What is the de Broglie wavelength of a nitrogen molecule in air at 300 K? Assume that the molecule is moving with the root mean square speed of molecules at this temperature. (Atomic mass of nitrogen = 14.0076 u)

Also find the de Broglie wavelength of a neutron, in thermal equilibrium with matter, having an average kinetic energy of (3/2) k T at 300 K.

Show that the wavelength of electromagnetic radiation is equal to the de Broglie wavelength of its quantum (photon).

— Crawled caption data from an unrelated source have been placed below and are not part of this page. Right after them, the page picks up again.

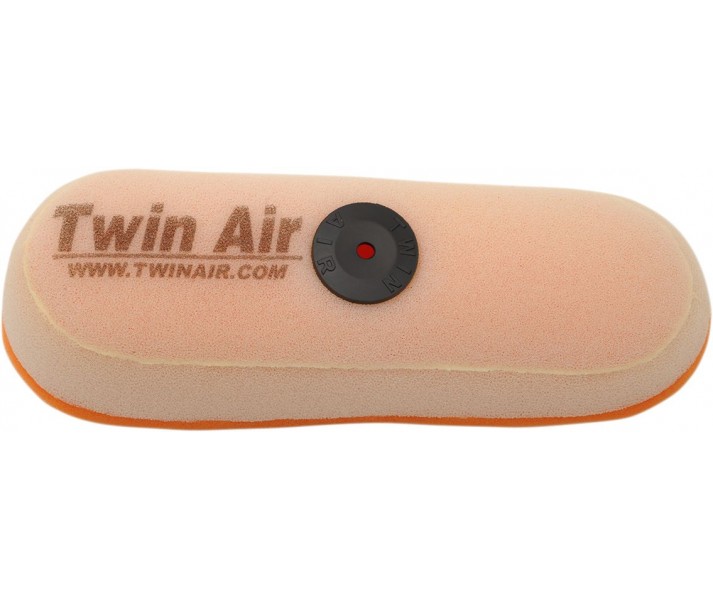 Filtro de aire Offroad Twin Air /158188/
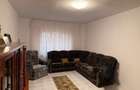Vand apartament central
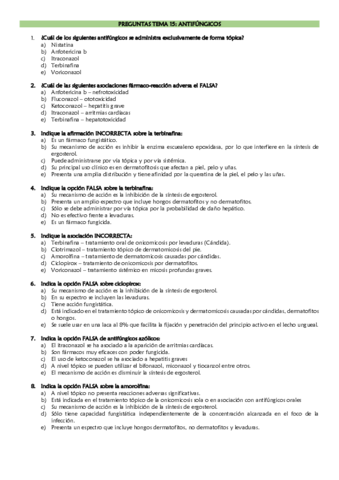 PREGUNTAS-TEMA-15.pdf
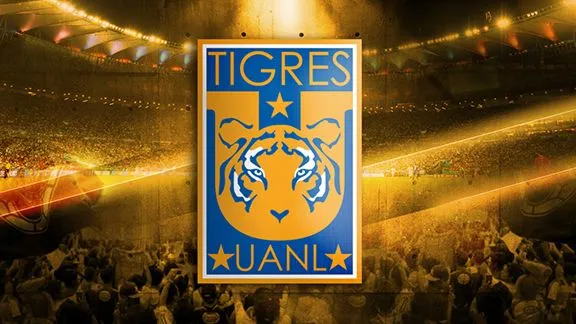 Tigres necesitará regresar al protagonismo en el Apertura 2014 ... Tigres necesitará regresar al protagonismo en el Apertura 2014 ...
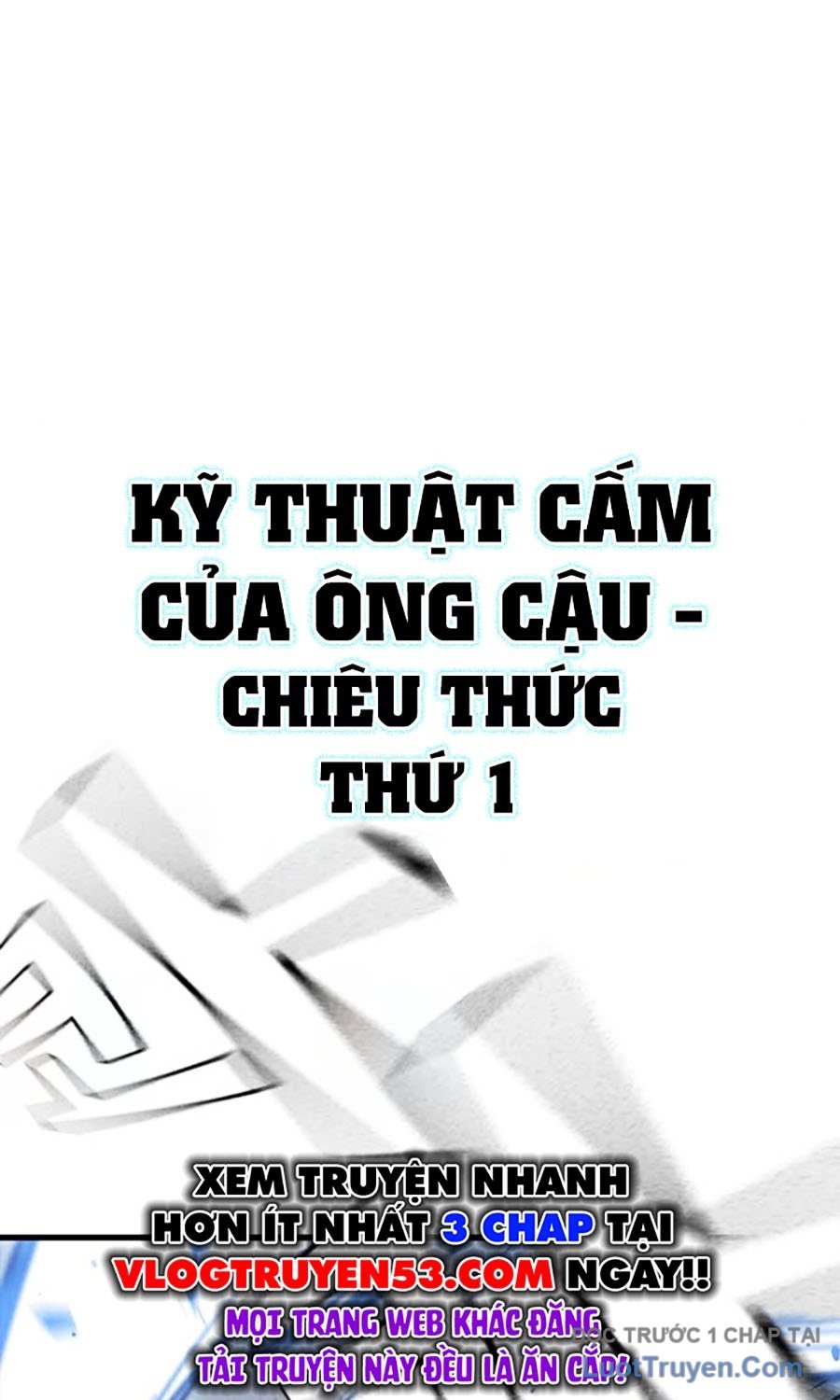 Đại Tướng Chiến Chapter 60 - Trang 2
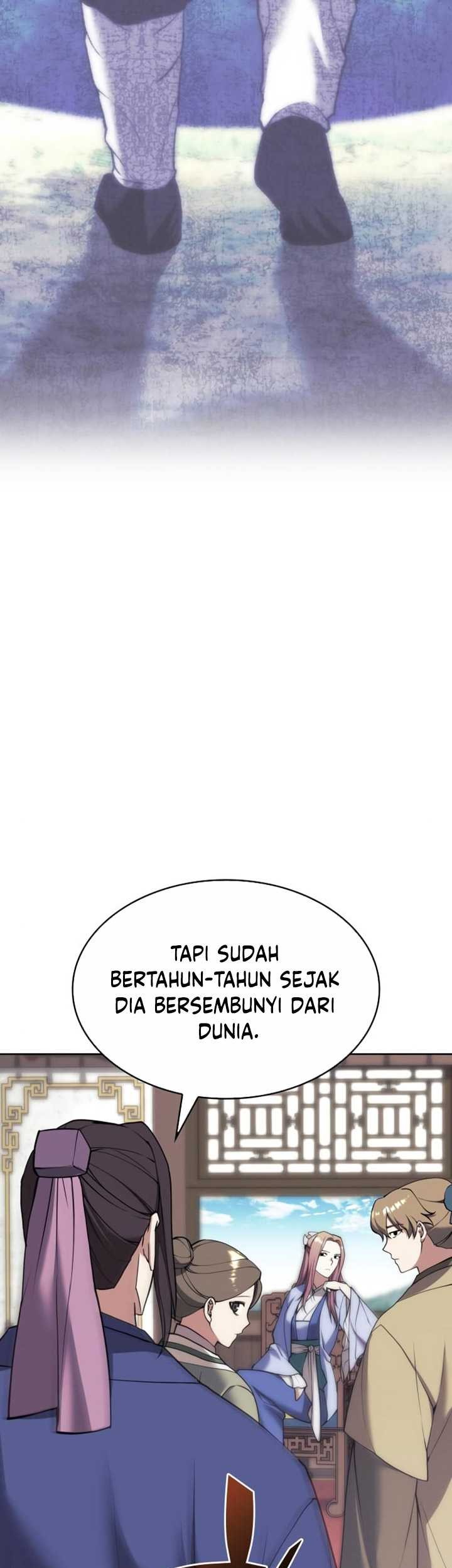 Halaman 66 dari 86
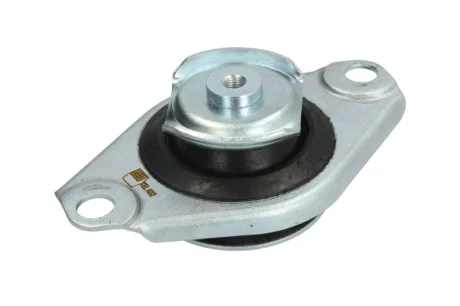 Подушка двигуна передн лів FIAT PALIO, SIENA, STRADA 1.2-1.9D 04.96- Reinhoch RH111058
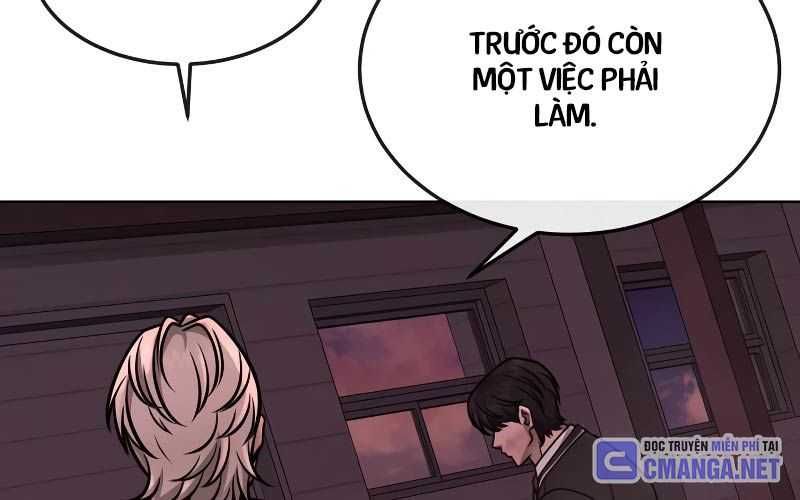 đọc truyện Nhiệm Vụ Diệu Kỳ Chương 148 ảnh 269 tại Giả Dược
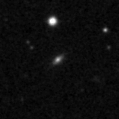 2024zvd_image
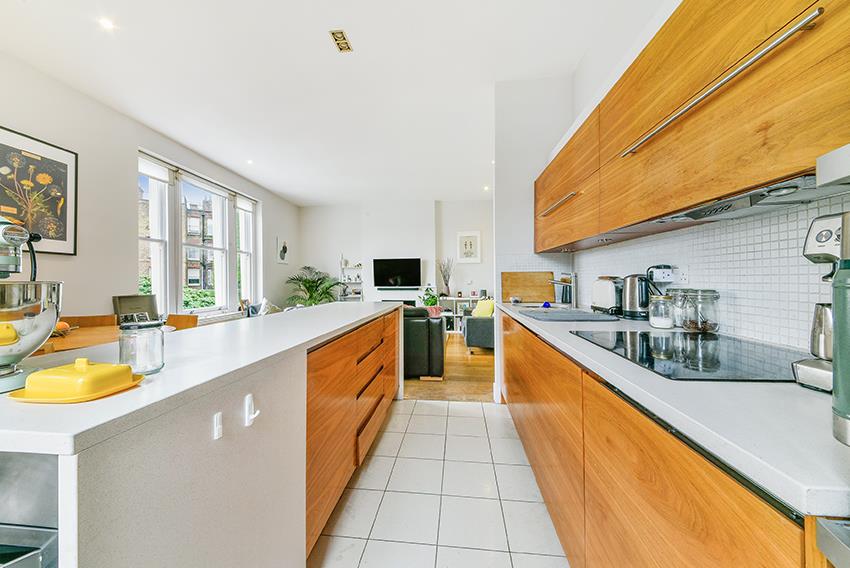 Property Image 500f3624-38f0-4fdb-a2e8-7e0f2b3cc962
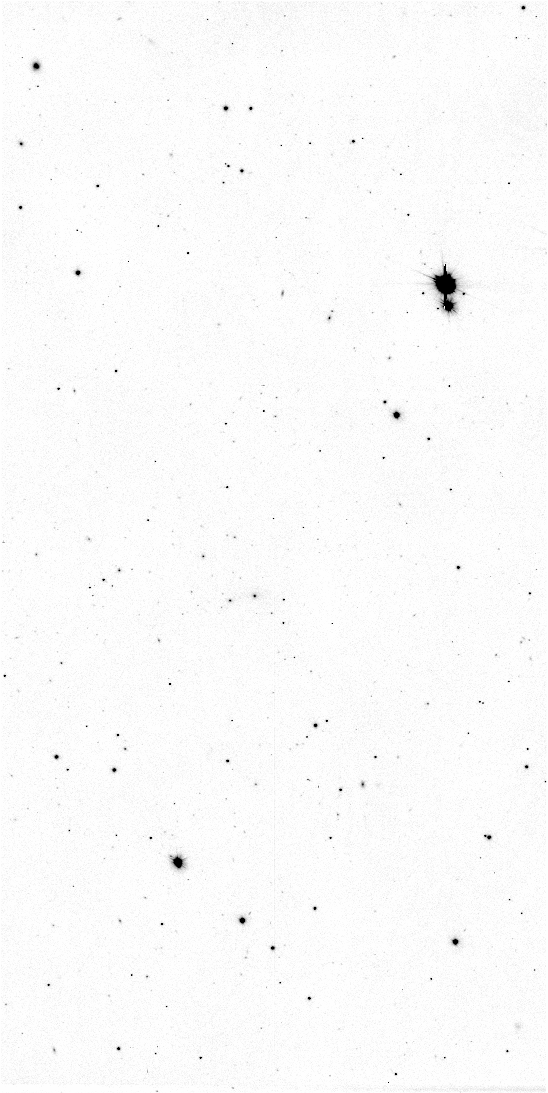 Preview of Sci-JMCFARLAND-OMEGACAM-------OCAM_i_SDSS-ESO_CCD_#76-Regr---Sci-56645.8053448-4410597907f23c36d4a58c88d8760e590b8bafef.fits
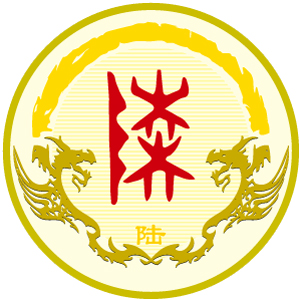½ͼ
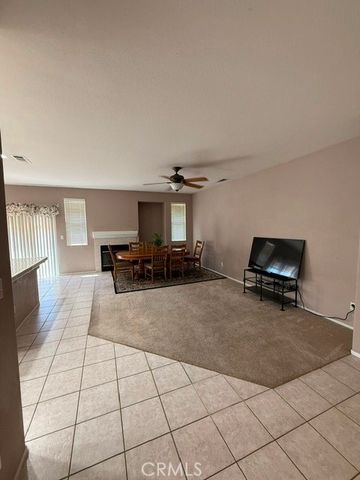 13003 Lehigh Court, Victorville, CA 92392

(a) Estimate the speed with which electrons emitted from a heated emitter of an evacuated tube impinge on the collector maintained at a potential difference of 500 V with respect to the emitter.

Ignore the small initial speeds of the electrons. The specific charge of the electron, i.e., its e/m is given to be 1.76 × 10¹¹ C kg^–1.

(b) Use the same formula you employ in (a) to obtain electron speed for a collector potential of 10 MV. Do you see what is wrong? In what way is the formula to be modified?

(a) A monoenergetic electron beam with electron speed of 5.20 × 10⁶ m s^–1 is subject to a magnetic field of 1.30 × 10^–4 T normal to the beam velocity. What is the radius of the circle traced by the beam, given e/m for electron equals 1.76 × 10¹¹C kg^–1.

(b) Is the formula you employ in (a) valid for calculating the radius of the path of a 20 MeV electron beam? If not, in what way is it modified?

[Note: Exercises 11.20(b) and 11.21(b) take you to relativistic mechanics which is beyond the scope of this book. They have been inserted here simply to emphasize the point that the formulas you use in part (a) of the exercises are not valid at very high speeds or energies. See answers at the end to know what ‘very high speed or energy’ means.]